El gran desafío de la 'Ley IA' en Europa: muchas empresas no saben qué herramientas de IA usan realmente
A partir del 2 de agosto, la Unión Europea da un nuevo paso en la aplicación del Reglamento Europeo de Inteligencia Artificial (AI Act), introduciendo obligaciones de transparencia para ciertos sistemas de IA. Pero hay un problema inesperado: muchas empresas desconocen qué inteligencia artificial utilizan en sus operaciones diarias, según advierten expertos del sector.
La norma, que entró en vigor en 2024 pero despliega ahora sus primeras exigencias prácticas, busca que los usuarios sepan cuándo interactúan con una IA o cuándo un contenido ha sido generado artificialmente. Sin embargo, el verdadero obstáculo para las organizaciones no son las multas —que pueden llegar a los 35 millones de euros—, sino la falta de claridad sobre su propio uso de estas tecnologías.
El problema oculto: la "IA en la sombra"
Giovanni Alessandrello, director general de la consultora BIP Iberia, explica que muchas empresas han adoptado herramientas de IA de forma improvisada, sin una estrategia clara. "La pregunta crítica es: ¿Sabemos dónde usamos IA, con qué datos y bajo qué responsabilidad?", señala. Un fenómeno creciente es el uso de IA pública por empleados fuera de los canales autorizados, lo que dificulta su gestión y control.
La solución, según los expertos, pasa por crear inventarios detallados de los sistemas en uso, clasificarlos según su riesgo (tal como exige el reglamento) y establecer protocolos para garantizar el cumplimiento. "Si no puedes explicar qué hace tu IA, estás en zona de riesgo", advierte Marina Villalonga, socia de Asensi Abogados.
Nuevas reglas de transparencia para los usuarios
El cambio más visible para los ciudadanos está en el artículo 50 del AI Act, que obliga a:
- Informar cuando se interactúa con una IA (por ejemplo, chatbots).
- Identificar deepfakes (contenidos audiovisuales manipulados) y otros materiales generados artificialmente.
Estas medidas buscan combatir la desinformación y aumentar la confianza en la tecnología. "Los usuarios podrán exigir saber si hablan con una máquina o con una persona", destaca Villalonga.
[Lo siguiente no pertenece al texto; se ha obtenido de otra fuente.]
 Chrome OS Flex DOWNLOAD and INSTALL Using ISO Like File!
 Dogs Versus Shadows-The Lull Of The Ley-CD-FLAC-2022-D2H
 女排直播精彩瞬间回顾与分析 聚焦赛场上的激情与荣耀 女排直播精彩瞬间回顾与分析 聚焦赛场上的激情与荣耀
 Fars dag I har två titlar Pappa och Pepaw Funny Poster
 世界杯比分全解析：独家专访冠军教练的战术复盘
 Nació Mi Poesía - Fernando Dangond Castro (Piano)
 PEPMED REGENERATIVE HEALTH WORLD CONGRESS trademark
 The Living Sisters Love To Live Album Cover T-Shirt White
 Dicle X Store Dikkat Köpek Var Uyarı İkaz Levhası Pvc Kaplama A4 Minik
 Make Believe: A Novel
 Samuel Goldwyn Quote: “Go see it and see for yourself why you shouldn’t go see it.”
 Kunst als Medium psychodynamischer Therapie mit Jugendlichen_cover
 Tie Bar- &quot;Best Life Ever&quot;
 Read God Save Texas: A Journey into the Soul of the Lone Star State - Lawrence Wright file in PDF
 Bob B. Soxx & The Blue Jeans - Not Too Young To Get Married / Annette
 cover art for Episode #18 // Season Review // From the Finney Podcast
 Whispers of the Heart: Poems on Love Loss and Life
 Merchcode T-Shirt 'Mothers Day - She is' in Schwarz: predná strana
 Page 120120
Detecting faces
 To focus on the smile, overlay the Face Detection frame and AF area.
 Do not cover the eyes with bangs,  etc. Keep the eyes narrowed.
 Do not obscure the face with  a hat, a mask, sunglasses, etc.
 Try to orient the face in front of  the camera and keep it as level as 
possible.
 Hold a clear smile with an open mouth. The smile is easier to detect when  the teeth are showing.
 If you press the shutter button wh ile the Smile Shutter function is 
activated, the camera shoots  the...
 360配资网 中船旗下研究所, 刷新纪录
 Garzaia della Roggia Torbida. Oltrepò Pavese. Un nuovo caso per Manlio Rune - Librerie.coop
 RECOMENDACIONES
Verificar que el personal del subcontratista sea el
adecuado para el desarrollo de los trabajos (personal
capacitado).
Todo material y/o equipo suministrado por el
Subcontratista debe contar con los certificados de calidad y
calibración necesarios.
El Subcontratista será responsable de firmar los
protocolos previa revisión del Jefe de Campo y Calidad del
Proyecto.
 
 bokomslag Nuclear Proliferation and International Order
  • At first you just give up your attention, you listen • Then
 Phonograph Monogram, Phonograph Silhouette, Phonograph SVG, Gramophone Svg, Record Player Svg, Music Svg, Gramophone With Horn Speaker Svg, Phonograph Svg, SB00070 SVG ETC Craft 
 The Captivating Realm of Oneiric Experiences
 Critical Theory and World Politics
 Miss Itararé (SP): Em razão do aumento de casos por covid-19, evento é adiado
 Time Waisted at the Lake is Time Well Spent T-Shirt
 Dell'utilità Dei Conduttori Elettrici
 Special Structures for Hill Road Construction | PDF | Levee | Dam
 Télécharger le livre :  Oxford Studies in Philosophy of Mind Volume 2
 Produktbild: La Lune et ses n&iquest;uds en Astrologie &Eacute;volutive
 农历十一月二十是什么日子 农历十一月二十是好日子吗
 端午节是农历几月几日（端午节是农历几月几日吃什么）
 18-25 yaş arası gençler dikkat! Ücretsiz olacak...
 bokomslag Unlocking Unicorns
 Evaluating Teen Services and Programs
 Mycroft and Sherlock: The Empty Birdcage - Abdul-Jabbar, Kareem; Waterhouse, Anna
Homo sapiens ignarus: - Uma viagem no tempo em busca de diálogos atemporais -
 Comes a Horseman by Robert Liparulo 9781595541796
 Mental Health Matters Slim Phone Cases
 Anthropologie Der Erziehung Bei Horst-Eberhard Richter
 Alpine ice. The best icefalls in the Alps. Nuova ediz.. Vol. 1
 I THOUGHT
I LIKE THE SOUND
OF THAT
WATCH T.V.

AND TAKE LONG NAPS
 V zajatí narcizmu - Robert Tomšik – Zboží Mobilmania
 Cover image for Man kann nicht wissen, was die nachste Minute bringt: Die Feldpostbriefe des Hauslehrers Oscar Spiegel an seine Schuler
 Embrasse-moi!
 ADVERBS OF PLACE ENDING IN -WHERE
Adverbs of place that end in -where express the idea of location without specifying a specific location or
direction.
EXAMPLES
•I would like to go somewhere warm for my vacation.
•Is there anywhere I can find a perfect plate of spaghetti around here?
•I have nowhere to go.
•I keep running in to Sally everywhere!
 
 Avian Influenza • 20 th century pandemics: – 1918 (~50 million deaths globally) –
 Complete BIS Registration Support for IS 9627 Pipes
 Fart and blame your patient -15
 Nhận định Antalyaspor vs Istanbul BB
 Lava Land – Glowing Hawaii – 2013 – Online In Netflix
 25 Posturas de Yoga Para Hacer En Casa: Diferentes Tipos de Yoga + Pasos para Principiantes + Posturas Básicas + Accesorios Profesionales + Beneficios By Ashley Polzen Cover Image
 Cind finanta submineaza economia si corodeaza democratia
Riesgos más allá de las multas
Aunque el reglamento prevé sanciones millonarias, los especialistas señalan que el impacto inmediato será reputacional y contractual. Empresas y administraciones públicas empezarán a exigir pruebas de que los sistemas de IA cumplen la normativa. "Retirar un producto del mercado o perder contratos puede ser más grave que una multa", apunta Guillermo Hidalgo, de MAIO Legal.
El mensaje final es claro: adaptarse a la nueva ley requiere organización y recursos, pero ignorarla podría ser aún más costoso. Como resume Alessandrello: "Gobernar la IA no es opcional; es una necesidad crítica, igual que la ciberseguridad".